··· Data in this exercise ···
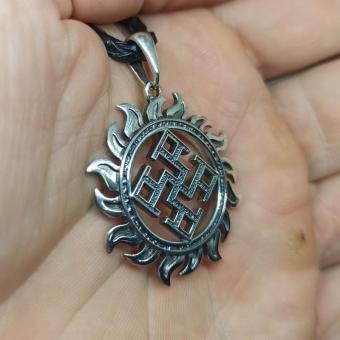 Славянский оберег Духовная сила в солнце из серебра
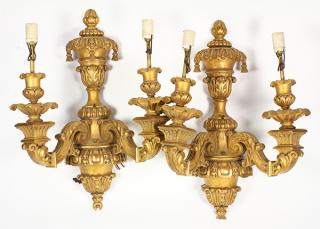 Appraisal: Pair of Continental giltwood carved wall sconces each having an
···
··· Data in this exercise ···
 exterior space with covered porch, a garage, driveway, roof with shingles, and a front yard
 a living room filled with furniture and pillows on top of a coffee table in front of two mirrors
···
··· Data in this exercise ···
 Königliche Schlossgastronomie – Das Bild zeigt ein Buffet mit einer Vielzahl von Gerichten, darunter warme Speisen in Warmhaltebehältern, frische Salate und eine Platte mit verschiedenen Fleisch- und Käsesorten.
···
What is needed
In the material above, please find every line that includes the word "front" and copy it.

Task output
 exterior space with covered porch, a garage, driveway, roof with shingles, and a front yard
 a living room filled with furniture and pillows on top of a coffee table in front of two mirrors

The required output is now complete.